Currently intraocular lenses, which fall under the ambit of notified devices and are widely used in cataract surgeries, are being priced ten times higher than the market at the point of care. Consumers are charged Rs 8,000 for a brand of intraocular lens which has a landing cost of Rs 800.

Medical experts have been insisting that intraocular lenses, catheters, orthopaedic implants, dental implants and ophthalmic medication be brought into the NLEM in order to make them affordable for the common man.

It is now the High Court’s turn to take a call.

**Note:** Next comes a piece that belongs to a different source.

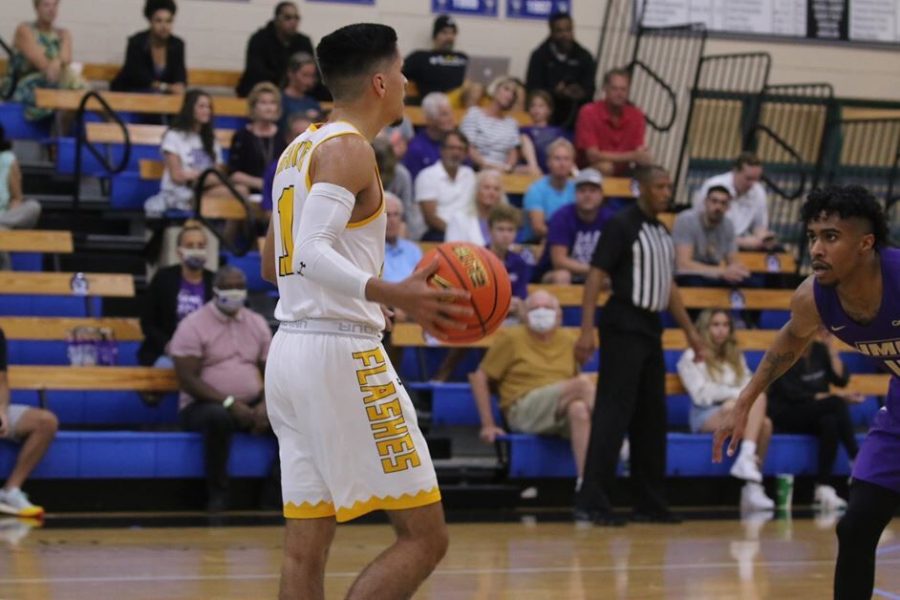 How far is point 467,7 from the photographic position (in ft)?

—The writer is President, Heart Care Foundation of India and President Elect, Confederation of Medical Associations of Asia and Oceania

1 COMMENT

  1. It is important to look at the holistic picture while looking at any surgery cost. The cost of the medical device in the overall surgery is not that big. Hospital charges constitute the biggest component of any surgery cost and the same has been ignored by the Govt to favour doctors/surgeon community. This PIL or even the Government is only trying to fix prices of this small portion of the surgery and completely ignoring the other major surgery cost components. Last year, when the pricing on stents and knees were introduced, all major hospitals increased their operation/hospital charges. It was therefore a complete sham activity as the patients continue to pay almost the same price as earlier. It is important that people understand this aspect. It is therefore important that the hospital/surgeon surgery fees should be capped first.